AIM OF THE EXERCISE. Could you repeat the listing below exactly while leaving its pictures behind?

--- DATA ---

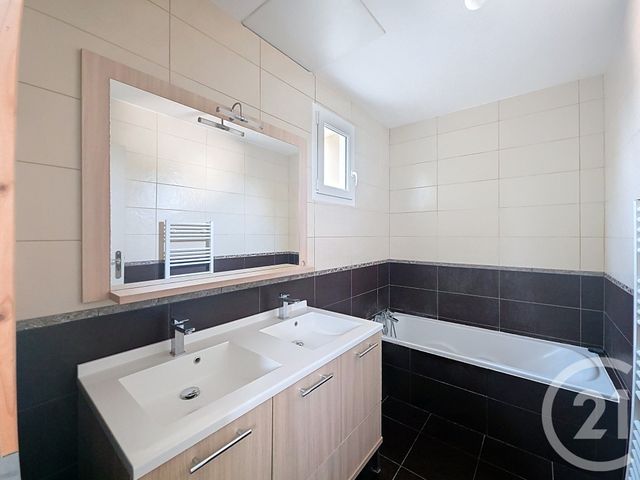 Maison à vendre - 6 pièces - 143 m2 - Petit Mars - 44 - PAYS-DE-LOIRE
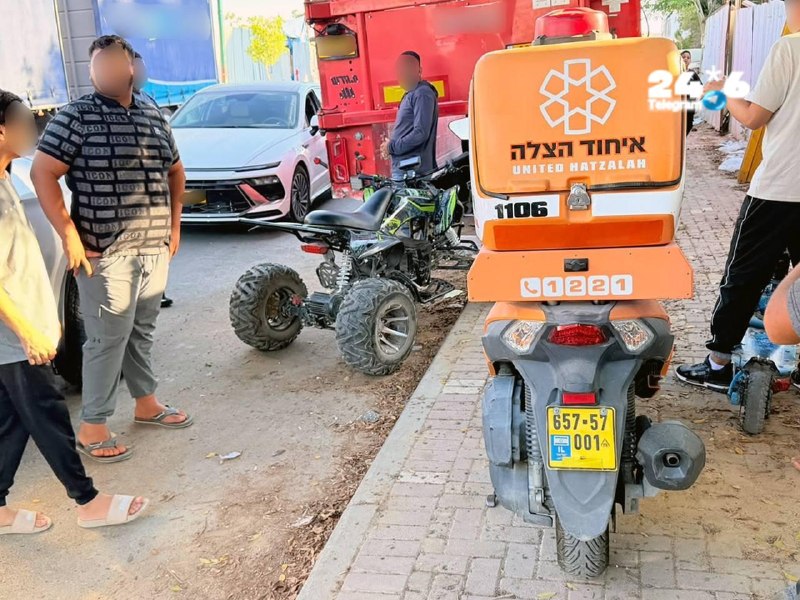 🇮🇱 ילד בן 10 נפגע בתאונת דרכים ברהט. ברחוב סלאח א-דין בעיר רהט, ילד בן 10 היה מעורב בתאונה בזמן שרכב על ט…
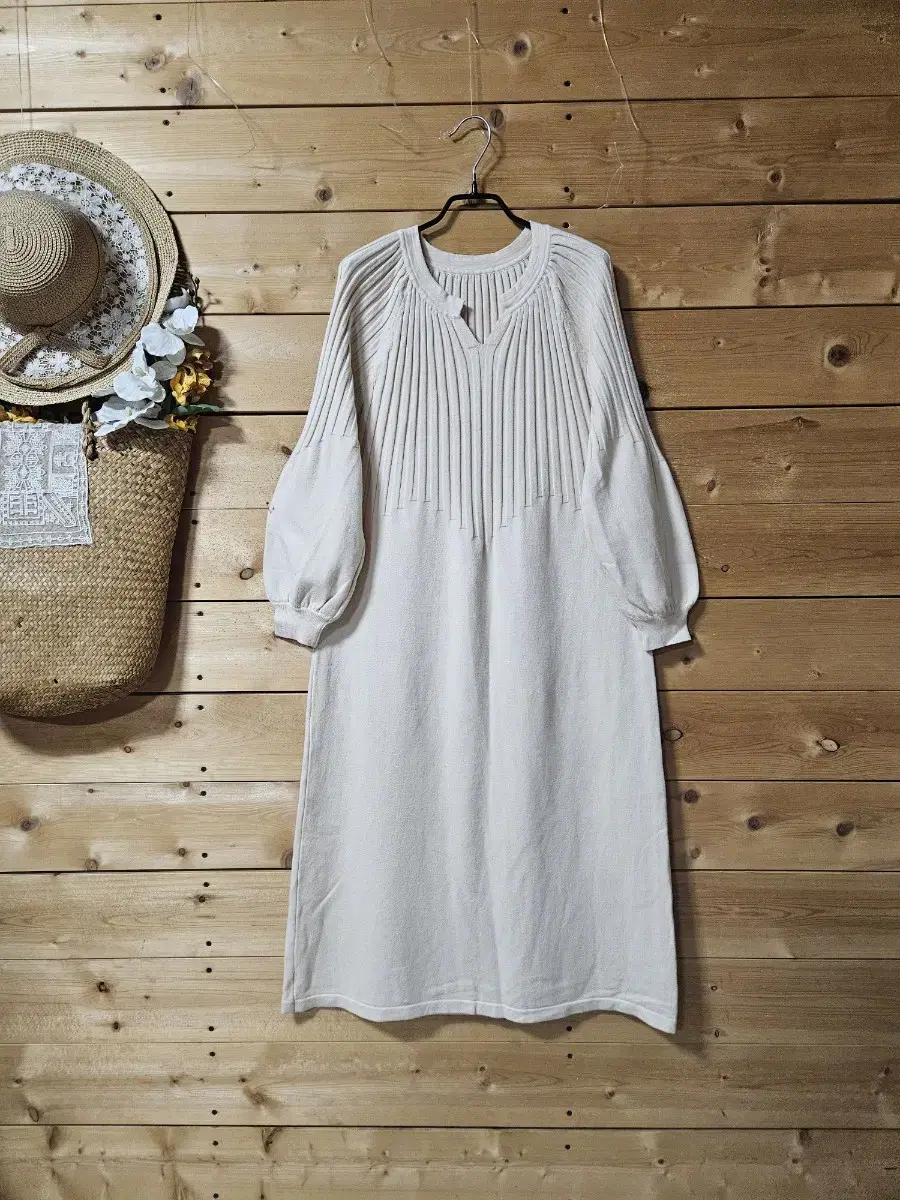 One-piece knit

---

SOLUTION TO THIS PROBLEM.
 Maison à vendre - 6 pièces - 143 m2 - Petit Mars - 44 - PAYS-DE-LOIRE
 🇮🇱 ילד בן 10 נפגע בתאונת דרכים ברהט. ברחוב סלאח א-דין בעיר רהט, ילד בן 10 היה מעורב בתאונה בזמן שרכב על ט…
 One-piece knit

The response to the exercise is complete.